With 17 of the 20 engine tests required for certification completed, the CFM56-7 is on schedule for October 31 certification by the U.S. Federal Aviation Administration (FAA) and the French Direction Generale de l'Aviation Civile (DGAC).
The CFM56-7 is produced by CFM International (CFMI), a 50/50 joint company between Snecma (Safran Group) of France and General Electric of the United States.
Over the past several weeks, CFMI has completed some of the most demanding certification tests, including the block test, fan blade out, large- and medium-bird ingestion, the ice slab, hail, and water ingestion, and the over-temperature tests.

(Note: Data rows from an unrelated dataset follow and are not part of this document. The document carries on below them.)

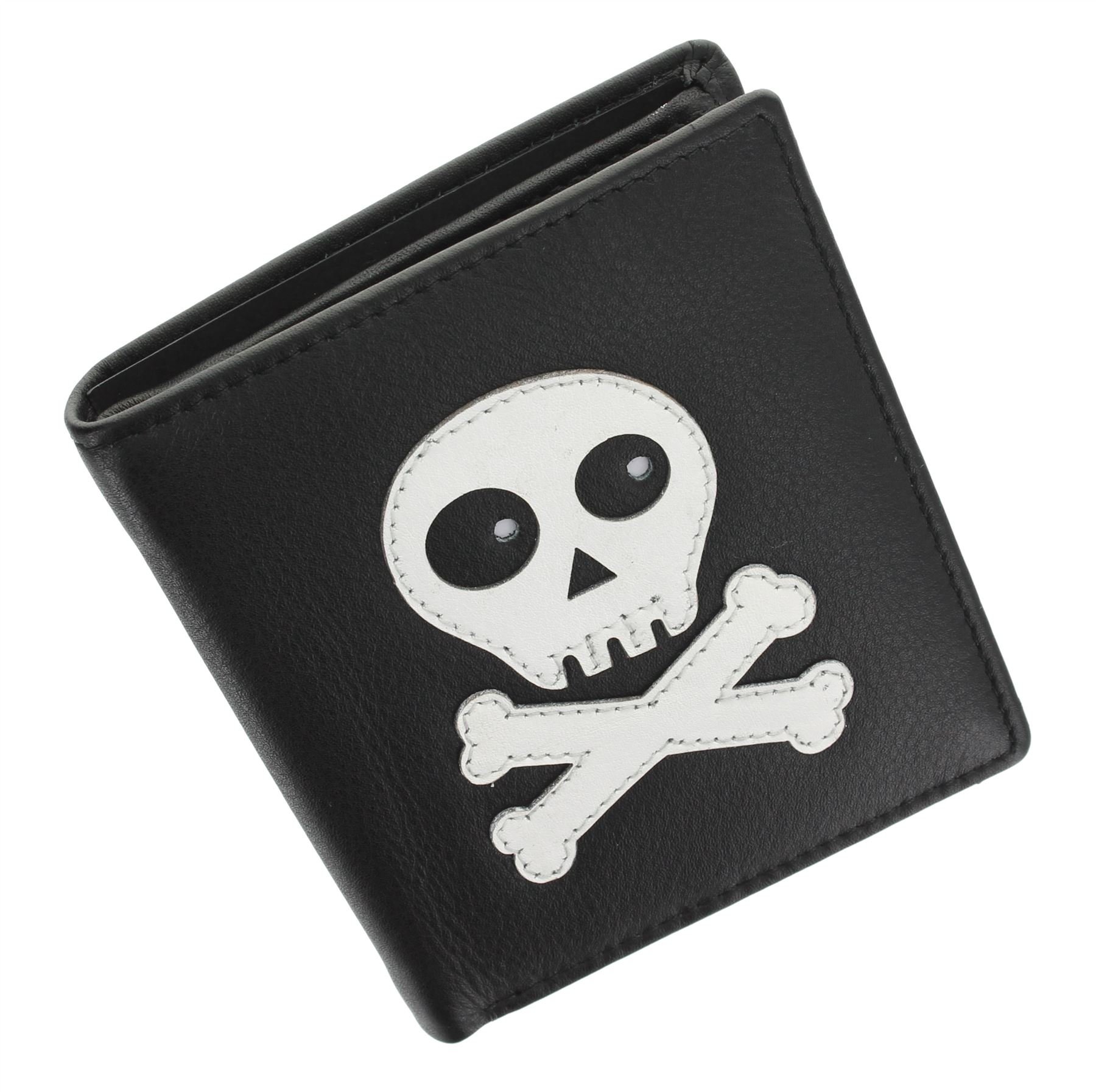 Mala Leather Skull and Crossbone Leather Wallet with Coin Section 167_11 Black
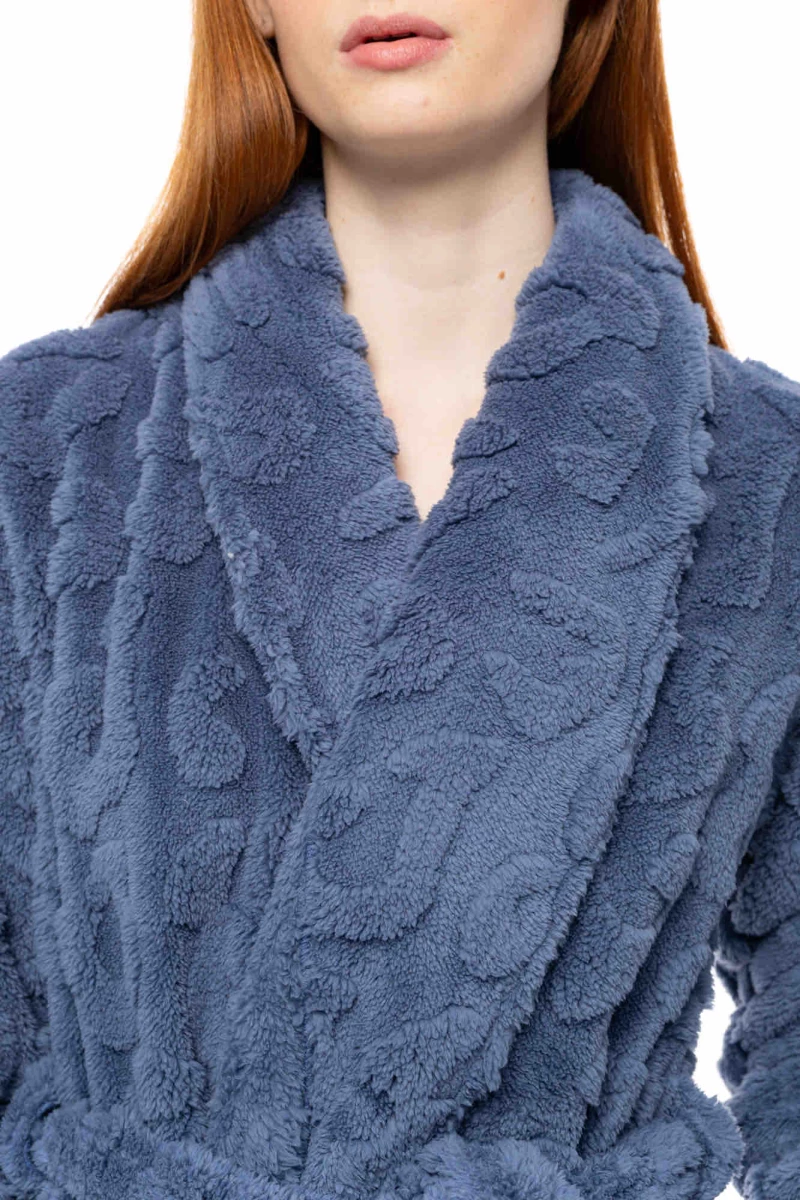 Γυναικεία Ρόμπα κοντή Pink Label - Blue Animal - Fleece - Polyester - Regular Fit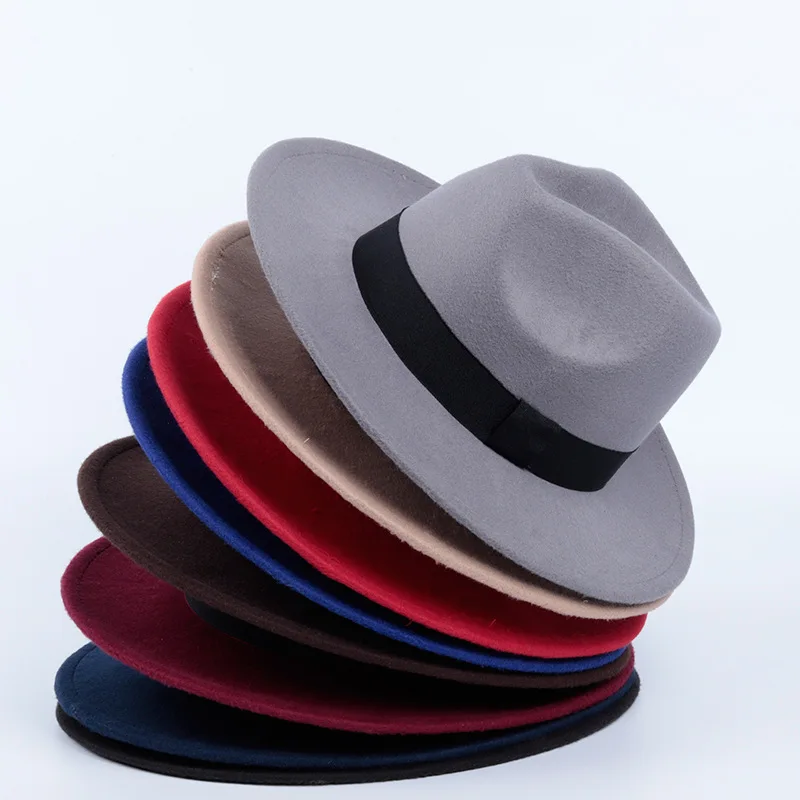 Hot Selling Woolen Jazz Hat British Retro Big Brim Top Hat Men And Women All-Match Sunshade Panama Cap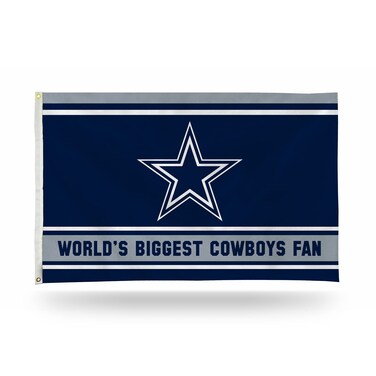 Rico Industries NFL Dallas Cowboys World's Biggest Fan 3' x 5' Banner Flag 3' x 5' Banner Flag Single Sided - Indoor or Outdoor - Home D&eacute;cor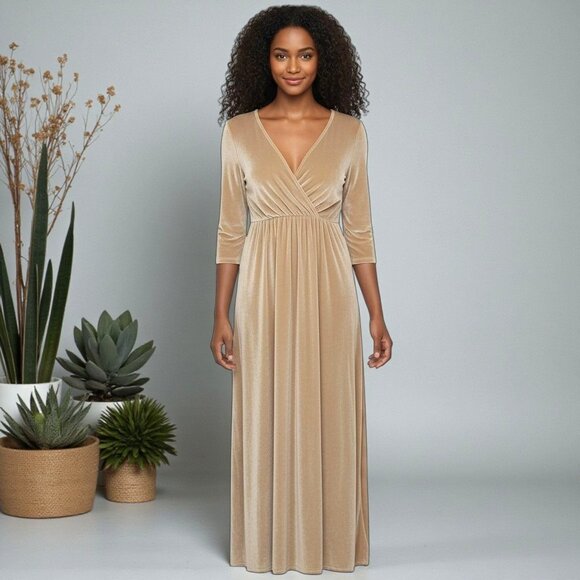 Baltic Born Champagne Velvet Maxi Dress Womens S Formal Wedding Holiday New Tag - Picture 1 of 11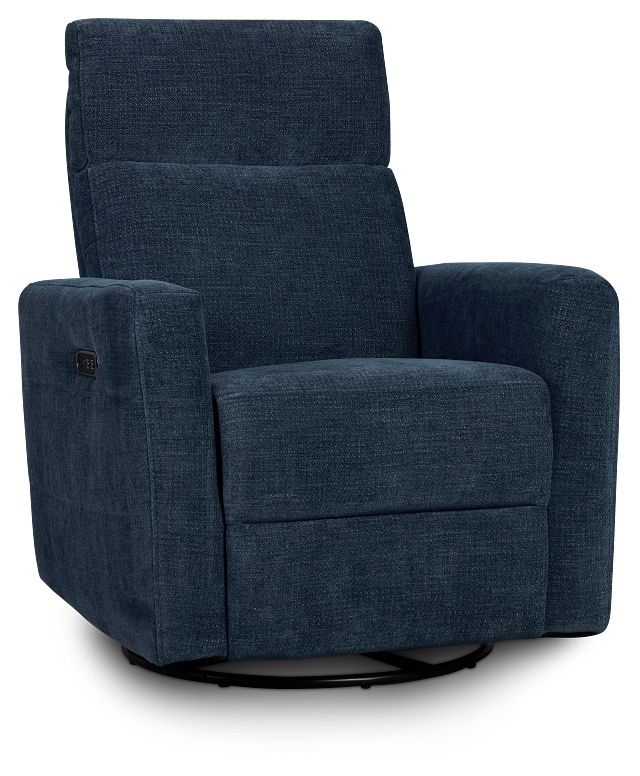 Rae Dark Blue Fabric Power Swivel Glider Recliner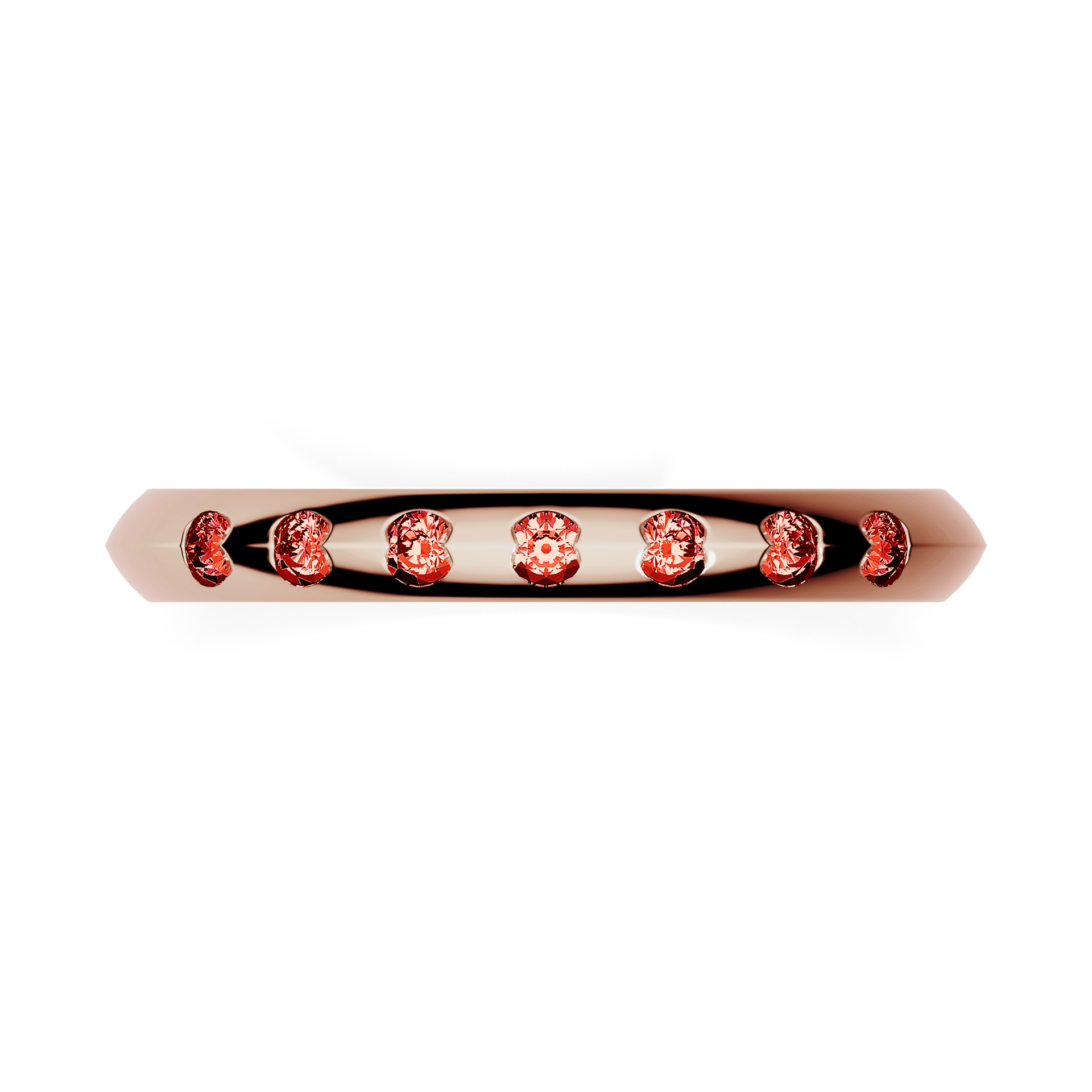 Obraczka z diamentami baby rozowe zloto diament lab czerwony 7szt 03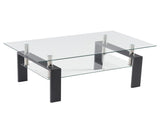 Arc Shaped Two Tiers Tempered Glass Coffee Table 58251189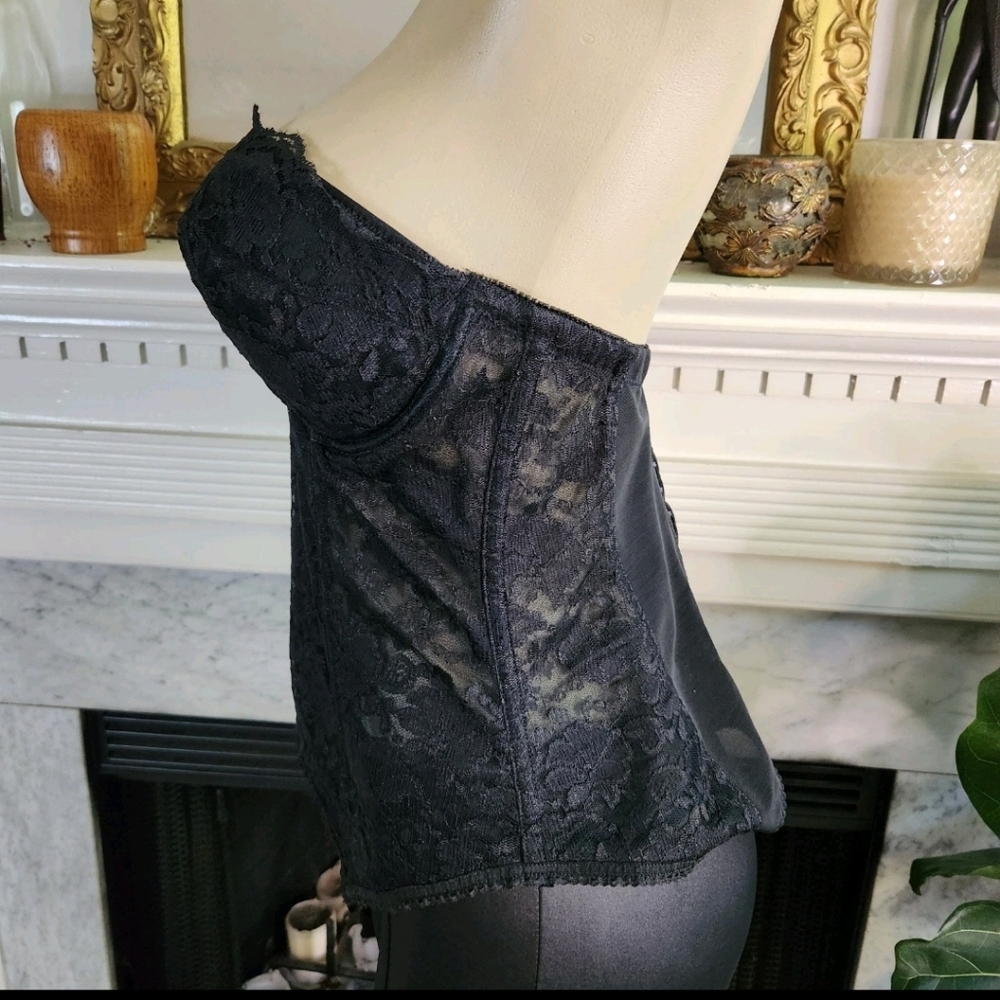 Vintage 90s Goddess Black Lace Bustier Hook Eye Boned Sheer Size 38C - Picture 5 of 8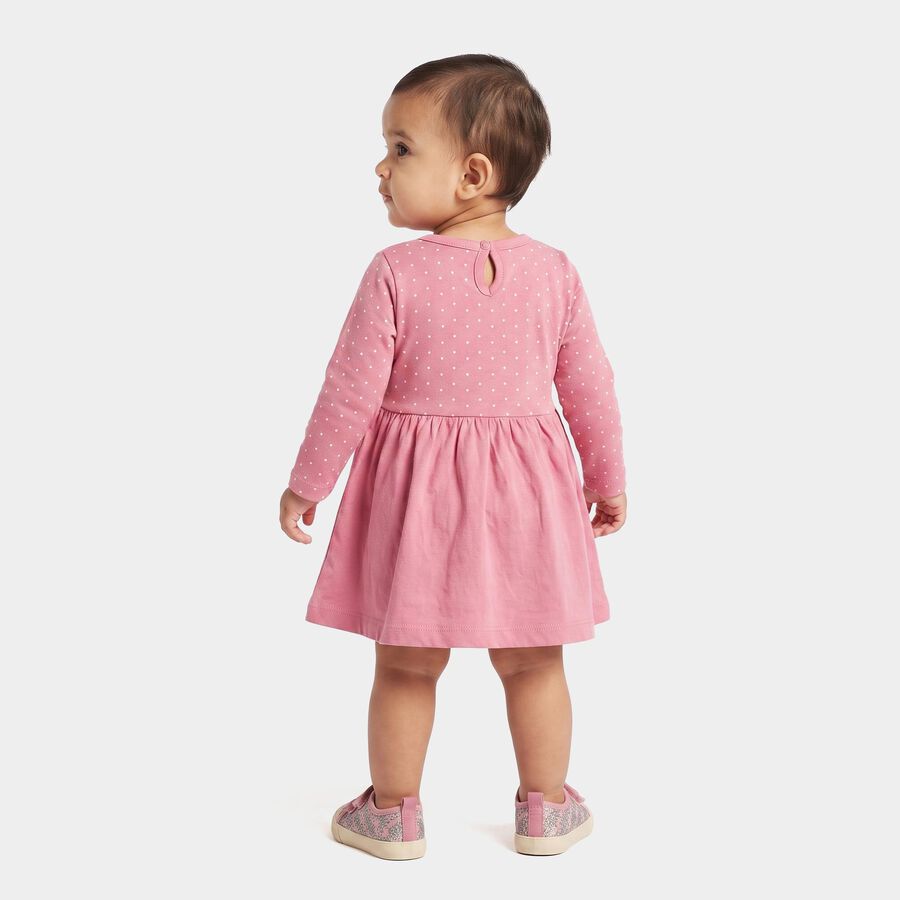 Infants' Purple Fit and Flare Graphic Printed Frock, Purple, large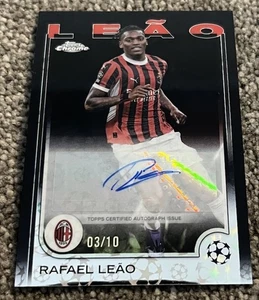 Rafael Leao Topps Chrome Logofractor /10! AUTO COLOUR MATCH 2024-25 AC Milan - Picture 1 of 2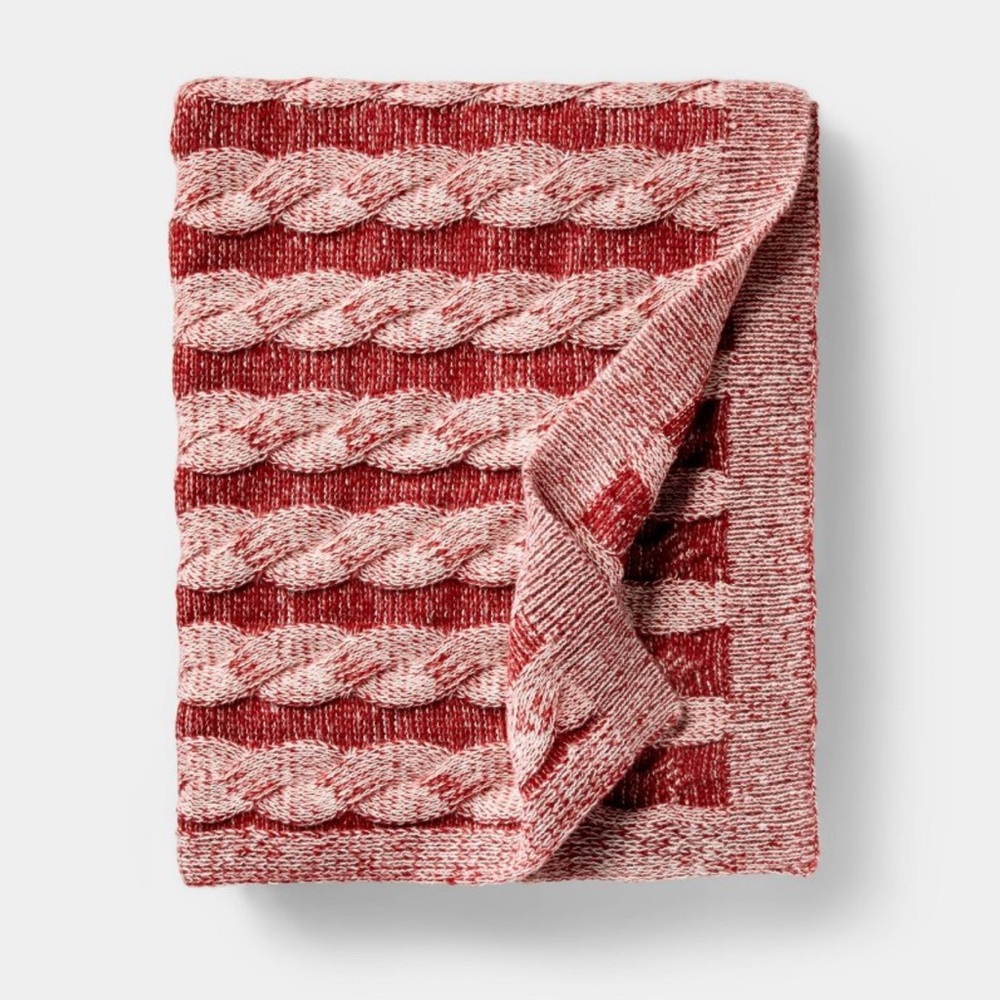 50"x60" Twisted Cable Throw Blanket Burgundy and Cream  - Threshold Studio McGee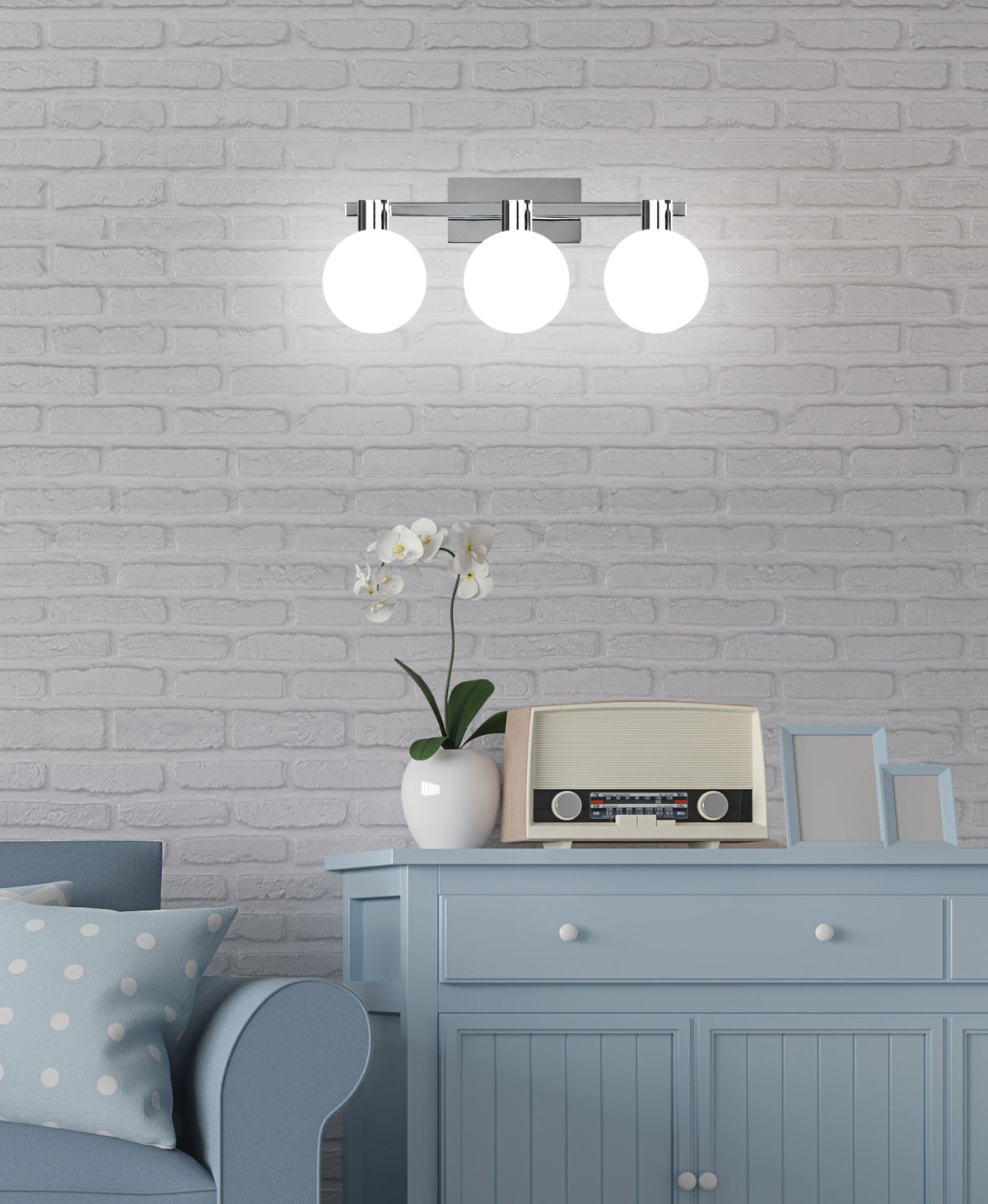 Maldus lampa kinkiet chromowy 3x40W G9 klosz biały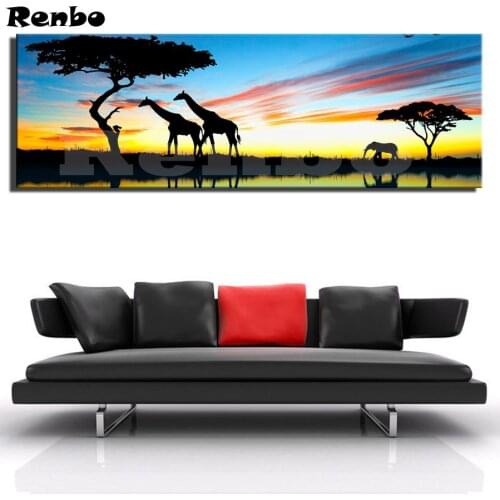 Diamond Mosaic sale 5D DIY Diamond Painting African Sunset Landscape Embroidery Giraffe Animal Cross Stitch Rhinestone Decor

Most significant of the three remaining certification tests is the overhaul 750 "C" cycle test. The test, currently underway, involves running the engine through a series of rapid and extreme power changes through 750 consecutive cycles that simulate in-service operation at extreme conditions. CFMI will complete the emissions and FADEC (Full Authority Digital Electronic Control) fault certification tests in July.
In April, CFMI completed a 100+ hour flight test program on a modified Boeing 747 flying testbed at GE facilities in Mojave, California. The engine met all objectives, providing measured altitude data throughout the entire flight envelope. The CFM56-7 is scheduled to begin flight tests on the new Boeing 737-700 in early 1997 and to enter service with Southwest Airlines in October 1997.
CFMI is the world's largest producer fo commercial jet engines with total orders for more than 10,500 engines at a value of nearly $40 billion.